Records from a collection:
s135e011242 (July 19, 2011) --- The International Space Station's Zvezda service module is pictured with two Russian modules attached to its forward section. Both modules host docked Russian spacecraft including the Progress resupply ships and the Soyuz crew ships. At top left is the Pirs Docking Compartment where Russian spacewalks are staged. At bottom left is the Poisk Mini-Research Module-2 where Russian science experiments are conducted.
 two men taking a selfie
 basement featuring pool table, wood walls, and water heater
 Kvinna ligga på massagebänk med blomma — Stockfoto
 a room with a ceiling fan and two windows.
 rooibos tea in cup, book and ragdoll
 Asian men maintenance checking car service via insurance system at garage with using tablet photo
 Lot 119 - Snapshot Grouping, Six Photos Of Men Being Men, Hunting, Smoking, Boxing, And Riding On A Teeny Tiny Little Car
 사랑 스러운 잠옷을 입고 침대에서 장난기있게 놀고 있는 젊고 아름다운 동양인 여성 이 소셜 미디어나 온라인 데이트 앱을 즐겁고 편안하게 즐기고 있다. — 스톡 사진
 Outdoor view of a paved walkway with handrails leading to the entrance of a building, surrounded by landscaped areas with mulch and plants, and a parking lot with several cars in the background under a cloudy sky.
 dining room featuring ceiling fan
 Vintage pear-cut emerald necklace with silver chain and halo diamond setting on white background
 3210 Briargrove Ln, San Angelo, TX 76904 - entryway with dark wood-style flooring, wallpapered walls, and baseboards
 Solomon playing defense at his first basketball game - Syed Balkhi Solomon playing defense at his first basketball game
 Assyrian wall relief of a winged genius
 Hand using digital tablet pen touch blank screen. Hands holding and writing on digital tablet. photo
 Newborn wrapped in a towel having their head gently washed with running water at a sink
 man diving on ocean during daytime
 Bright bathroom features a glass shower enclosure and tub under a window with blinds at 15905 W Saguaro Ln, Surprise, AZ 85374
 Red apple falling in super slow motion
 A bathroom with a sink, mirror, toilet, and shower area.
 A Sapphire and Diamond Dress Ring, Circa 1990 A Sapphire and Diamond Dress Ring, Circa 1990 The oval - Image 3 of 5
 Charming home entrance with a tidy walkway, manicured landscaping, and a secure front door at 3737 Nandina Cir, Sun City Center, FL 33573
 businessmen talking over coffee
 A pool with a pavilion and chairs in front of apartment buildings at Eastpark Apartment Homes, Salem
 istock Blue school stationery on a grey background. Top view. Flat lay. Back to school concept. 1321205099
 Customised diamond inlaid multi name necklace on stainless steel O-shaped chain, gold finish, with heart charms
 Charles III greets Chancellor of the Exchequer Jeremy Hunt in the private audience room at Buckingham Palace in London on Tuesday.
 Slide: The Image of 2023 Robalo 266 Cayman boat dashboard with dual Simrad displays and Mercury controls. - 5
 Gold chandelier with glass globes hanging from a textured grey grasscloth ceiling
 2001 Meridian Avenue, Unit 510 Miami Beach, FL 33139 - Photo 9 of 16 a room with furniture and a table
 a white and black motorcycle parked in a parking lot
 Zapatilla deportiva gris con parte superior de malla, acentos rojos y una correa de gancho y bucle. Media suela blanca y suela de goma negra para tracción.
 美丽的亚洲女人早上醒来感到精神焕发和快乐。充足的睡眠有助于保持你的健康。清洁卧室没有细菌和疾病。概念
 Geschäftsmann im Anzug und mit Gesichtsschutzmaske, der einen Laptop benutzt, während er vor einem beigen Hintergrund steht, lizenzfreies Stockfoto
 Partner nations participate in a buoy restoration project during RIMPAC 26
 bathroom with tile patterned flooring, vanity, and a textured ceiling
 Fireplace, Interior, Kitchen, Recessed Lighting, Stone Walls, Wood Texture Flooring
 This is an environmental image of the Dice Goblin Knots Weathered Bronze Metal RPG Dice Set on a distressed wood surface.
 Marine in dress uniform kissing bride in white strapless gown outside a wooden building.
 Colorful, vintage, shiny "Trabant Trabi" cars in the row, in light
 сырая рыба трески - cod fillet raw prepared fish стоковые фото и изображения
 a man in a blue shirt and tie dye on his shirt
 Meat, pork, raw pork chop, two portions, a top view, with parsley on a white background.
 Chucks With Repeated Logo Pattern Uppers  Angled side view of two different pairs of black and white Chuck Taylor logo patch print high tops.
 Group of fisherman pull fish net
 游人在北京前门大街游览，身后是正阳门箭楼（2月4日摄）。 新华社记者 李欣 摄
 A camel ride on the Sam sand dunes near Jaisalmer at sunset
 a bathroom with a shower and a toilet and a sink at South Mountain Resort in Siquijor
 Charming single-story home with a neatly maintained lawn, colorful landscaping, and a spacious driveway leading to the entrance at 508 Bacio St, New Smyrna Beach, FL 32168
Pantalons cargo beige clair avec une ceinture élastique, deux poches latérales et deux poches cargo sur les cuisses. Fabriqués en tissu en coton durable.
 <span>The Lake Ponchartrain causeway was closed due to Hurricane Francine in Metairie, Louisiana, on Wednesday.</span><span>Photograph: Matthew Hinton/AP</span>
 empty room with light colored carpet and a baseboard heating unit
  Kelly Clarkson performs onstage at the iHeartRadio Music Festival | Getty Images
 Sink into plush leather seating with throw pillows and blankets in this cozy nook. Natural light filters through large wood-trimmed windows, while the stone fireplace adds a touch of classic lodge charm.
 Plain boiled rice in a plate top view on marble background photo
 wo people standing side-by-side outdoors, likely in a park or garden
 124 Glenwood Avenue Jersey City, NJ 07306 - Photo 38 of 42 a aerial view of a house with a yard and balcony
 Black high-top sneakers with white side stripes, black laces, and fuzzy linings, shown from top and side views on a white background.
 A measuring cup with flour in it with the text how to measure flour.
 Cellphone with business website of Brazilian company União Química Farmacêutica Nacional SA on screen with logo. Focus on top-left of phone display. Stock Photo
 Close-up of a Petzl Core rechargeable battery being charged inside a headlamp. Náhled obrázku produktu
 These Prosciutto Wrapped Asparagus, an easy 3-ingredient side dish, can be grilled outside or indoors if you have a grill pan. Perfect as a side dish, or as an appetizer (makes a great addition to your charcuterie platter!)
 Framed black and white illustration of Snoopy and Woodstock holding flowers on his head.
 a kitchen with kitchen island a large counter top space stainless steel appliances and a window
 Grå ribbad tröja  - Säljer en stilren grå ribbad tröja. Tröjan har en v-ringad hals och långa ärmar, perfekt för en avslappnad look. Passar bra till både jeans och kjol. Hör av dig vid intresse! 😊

■ TASK ITEM
Going back over the entries above, copy word for word every line from the one that has "美丽的亚洲女人早上醒来感到精" on through the one that has "Colorful, vintage, shiny".

■ REPLY TO THE TASK
 美丽的亚洲女人早上醒来感到精神焕发和快乐。充足的睡眠有助于保持你的健康。清洁卧室没有细菌和疾病。概念
 Geschäftsmann im Anzug und mit Gesichtsschutzmaske, der einen Laptop benutzt, während er vor einem beigen Hintergrund steht, lizenzfreies Stockfoto
 Partner nations participate in a buoy restoration project during RIMPAC 26
 bathroom with tile patterned flooring, vanity, and a textured ceiling
 Fireplace, Interior, Kitchen, Recessed Lighting, Stone Walls, Wood Texture Flooring
 This is an environmental image of the Dice Goblin Knots Weathered Bronze Metal RPG Dice Set on a distressed wood surface.
 Marine in dress uniform kissing bride in white strapless gown outside a wooden building.
 Colorful, vintage, shiny "Trabant Trabi" cars in the row, in light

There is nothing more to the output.